### PROBLEM DESCRIPTION
Below is some data. Retype exactly the lines starting at the one with "左小青玩转西装中性风 气场十足又不失俏皮--人" and ending at the one with "BMW 320dA Touring".

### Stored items
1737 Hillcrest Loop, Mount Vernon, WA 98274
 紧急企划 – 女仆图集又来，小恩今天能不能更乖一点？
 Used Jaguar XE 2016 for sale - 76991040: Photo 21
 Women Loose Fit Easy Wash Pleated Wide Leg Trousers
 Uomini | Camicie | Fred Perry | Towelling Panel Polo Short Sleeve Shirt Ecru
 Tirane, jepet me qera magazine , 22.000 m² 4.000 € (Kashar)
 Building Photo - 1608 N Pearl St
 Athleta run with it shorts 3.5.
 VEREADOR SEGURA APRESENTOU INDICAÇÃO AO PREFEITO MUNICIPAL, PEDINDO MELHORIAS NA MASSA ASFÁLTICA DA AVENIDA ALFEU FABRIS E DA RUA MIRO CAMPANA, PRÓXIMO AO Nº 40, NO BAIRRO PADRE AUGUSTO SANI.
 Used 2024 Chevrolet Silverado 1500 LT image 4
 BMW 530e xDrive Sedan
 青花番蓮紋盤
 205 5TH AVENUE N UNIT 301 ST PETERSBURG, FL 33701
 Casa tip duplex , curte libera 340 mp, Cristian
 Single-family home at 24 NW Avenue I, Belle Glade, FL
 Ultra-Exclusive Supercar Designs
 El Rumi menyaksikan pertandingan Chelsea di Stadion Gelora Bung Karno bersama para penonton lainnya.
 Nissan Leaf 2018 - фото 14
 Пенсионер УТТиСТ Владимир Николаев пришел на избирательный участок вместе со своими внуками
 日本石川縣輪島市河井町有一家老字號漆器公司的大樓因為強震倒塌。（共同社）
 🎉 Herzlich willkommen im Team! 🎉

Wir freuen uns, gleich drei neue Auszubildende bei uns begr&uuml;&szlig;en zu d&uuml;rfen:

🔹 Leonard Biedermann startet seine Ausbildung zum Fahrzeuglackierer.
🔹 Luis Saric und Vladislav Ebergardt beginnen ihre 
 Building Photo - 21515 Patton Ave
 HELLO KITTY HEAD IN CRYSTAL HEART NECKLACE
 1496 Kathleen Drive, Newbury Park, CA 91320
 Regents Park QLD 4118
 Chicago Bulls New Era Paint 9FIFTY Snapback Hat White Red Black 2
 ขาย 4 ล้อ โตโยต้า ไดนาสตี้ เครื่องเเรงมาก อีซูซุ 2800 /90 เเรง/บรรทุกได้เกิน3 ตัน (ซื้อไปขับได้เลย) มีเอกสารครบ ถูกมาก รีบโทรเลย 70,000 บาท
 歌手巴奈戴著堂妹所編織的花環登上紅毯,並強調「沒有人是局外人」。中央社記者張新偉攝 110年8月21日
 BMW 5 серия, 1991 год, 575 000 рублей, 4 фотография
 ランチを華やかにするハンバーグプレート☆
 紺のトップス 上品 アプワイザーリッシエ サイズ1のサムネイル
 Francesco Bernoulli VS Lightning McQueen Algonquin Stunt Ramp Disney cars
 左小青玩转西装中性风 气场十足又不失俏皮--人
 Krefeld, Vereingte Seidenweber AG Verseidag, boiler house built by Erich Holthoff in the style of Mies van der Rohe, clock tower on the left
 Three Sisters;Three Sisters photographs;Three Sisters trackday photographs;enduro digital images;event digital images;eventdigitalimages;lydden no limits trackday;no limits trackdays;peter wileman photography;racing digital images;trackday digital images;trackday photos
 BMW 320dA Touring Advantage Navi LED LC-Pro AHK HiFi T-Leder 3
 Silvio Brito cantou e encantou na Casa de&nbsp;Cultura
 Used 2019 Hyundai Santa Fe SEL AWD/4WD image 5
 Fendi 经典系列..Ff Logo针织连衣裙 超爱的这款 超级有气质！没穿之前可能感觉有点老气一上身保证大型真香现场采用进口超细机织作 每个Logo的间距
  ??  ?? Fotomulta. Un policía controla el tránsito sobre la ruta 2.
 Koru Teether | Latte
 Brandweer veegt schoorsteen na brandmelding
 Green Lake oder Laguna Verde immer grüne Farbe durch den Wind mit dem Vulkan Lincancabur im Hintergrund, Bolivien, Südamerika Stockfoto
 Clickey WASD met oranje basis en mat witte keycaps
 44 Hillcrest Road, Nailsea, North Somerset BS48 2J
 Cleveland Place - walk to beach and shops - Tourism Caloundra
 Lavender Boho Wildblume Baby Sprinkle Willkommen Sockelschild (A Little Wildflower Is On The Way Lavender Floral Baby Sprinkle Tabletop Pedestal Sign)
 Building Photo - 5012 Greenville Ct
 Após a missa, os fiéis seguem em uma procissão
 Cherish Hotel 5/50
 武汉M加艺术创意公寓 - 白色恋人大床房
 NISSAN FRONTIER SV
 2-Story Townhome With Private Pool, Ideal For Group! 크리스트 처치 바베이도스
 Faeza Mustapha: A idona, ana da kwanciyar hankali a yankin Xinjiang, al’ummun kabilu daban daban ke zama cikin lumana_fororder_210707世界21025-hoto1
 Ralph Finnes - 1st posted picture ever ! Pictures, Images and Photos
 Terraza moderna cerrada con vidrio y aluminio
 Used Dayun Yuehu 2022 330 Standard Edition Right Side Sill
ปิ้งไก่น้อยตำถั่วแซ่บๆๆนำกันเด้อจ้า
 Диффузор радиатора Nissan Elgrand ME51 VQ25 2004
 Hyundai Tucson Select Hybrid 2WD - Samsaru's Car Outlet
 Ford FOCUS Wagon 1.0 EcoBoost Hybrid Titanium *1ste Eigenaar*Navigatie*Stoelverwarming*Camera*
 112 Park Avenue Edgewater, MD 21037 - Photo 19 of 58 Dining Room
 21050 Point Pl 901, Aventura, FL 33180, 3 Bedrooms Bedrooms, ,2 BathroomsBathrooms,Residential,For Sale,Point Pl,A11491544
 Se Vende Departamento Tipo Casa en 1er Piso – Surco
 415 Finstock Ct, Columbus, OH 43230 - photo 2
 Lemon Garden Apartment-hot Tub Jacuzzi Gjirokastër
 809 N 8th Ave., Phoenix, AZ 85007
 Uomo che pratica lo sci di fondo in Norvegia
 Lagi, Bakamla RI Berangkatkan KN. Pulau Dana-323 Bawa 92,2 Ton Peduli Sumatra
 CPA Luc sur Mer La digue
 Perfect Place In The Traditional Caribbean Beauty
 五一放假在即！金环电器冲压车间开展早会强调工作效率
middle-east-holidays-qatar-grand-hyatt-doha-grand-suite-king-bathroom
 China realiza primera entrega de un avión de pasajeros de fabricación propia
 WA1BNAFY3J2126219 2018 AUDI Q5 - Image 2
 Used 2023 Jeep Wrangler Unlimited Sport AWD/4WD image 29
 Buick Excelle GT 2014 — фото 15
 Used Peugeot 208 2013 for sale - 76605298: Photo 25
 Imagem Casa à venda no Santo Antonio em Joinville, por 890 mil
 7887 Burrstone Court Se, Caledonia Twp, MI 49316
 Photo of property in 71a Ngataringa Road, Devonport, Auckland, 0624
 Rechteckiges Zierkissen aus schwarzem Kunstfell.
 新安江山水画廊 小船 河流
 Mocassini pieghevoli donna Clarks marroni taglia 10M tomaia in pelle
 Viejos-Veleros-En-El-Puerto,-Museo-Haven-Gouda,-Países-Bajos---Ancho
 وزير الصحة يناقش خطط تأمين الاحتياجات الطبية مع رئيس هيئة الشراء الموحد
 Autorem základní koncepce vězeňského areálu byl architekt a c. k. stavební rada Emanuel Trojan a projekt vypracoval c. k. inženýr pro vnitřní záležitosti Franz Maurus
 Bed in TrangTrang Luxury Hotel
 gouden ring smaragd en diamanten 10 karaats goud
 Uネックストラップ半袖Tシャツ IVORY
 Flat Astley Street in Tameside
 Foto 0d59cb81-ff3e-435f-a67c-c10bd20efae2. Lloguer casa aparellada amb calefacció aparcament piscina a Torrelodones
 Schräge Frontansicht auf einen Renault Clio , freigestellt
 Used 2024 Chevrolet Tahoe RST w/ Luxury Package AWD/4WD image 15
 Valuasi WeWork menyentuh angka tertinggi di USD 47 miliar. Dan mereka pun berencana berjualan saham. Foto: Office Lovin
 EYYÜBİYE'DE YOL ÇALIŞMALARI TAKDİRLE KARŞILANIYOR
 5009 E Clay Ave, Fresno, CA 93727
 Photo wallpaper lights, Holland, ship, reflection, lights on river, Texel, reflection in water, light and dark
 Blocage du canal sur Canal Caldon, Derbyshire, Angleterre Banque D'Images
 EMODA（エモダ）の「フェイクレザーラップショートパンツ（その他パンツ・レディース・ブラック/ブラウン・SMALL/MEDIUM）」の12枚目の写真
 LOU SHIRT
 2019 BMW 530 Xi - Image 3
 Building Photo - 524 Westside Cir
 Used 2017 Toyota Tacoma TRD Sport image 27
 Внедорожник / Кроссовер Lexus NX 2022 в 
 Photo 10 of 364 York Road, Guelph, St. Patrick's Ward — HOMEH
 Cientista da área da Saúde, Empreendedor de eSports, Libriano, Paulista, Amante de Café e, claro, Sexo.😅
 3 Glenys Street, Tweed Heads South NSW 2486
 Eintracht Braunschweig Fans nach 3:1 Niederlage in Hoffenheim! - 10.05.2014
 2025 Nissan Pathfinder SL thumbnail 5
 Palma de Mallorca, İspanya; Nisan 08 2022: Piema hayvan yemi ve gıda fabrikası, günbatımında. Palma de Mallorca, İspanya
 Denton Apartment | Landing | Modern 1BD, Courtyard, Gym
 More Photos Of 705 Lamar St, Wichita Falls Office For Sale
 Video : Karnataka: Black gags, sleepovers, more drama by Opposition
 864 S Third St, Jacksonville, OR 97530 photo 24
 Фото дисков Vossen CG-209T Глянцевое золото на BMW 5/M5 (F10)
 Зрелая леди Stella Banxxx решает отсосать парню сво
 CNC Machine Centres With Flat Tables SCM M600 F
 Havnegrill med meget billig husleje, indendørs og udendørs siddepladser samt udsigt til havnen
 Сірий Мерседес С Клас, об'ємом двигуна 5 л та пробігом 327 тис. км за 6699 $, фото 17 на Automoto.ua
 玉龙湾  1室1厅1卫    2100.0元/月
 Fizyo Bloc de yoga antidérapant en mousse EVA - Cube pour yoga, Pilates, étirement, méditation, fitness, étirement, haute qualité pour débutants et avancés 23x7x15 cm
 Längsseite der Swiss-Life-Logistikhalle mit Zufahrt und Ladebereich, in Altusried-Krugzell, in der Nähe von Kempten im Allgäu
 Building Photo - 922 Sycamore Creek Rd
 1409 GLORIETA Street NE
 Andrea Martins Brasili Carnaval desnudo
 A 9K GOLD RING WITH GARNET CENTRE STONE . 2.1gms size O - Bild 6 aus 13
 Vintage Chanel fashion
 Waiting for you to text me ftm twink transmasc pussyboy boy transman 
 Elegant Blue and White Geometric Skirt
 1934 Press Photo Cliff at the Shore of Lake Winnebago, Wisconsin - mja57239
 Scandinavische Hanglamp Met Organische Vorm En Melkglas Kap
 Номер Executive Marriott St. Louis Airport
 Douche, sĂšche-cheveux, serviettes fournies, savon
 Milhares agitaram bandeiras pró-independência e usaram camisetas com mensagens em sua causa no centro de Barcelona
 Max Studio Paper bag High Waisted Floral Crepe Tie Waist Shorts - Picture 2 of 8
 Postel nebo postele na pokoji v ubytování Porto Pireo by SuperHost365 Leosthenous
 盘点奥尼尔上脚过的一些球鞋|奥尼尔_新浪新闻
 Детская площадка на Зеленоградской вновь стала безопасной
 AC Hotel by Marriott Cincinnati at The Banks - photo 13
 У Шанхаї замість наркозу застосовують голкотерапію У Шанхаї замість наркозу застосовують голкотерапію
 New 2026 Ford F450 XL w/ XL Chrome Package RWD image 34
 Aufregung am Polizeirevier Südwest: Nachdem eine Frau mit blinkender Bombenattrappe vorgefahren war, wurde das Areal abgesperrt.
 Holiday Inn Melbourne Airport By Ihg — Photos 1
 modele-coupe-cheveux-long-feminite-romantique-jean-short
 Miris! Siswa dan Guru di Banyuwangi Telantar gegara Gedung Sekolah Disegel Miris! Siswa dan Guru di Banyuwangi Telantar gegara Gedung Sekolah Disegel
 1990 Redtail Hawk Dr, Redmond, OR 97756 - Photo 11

### OUTPUT FOR THIS TASK
 左小青玩转西装中性风 气场十足又不失俏皮--人
 Krefeld, Vereingte Seidenweber AG Verseidag, boiler house built by Erich Holthoff in the style of Mies van der Rohe, clock tower on the left
 Three Sisters;Three Sisters photographs;Three Sisters trackday photographs;enduro digital images;event digital images;eventdigitalimages;lydden no limits trackday;no limits trackdays;peter wileman photography;racing digital images;trackday digital images;trackday photos
 BMW 320dA Touring Advantage Navi LED LC-Pro AHK HiFi T-Leder 3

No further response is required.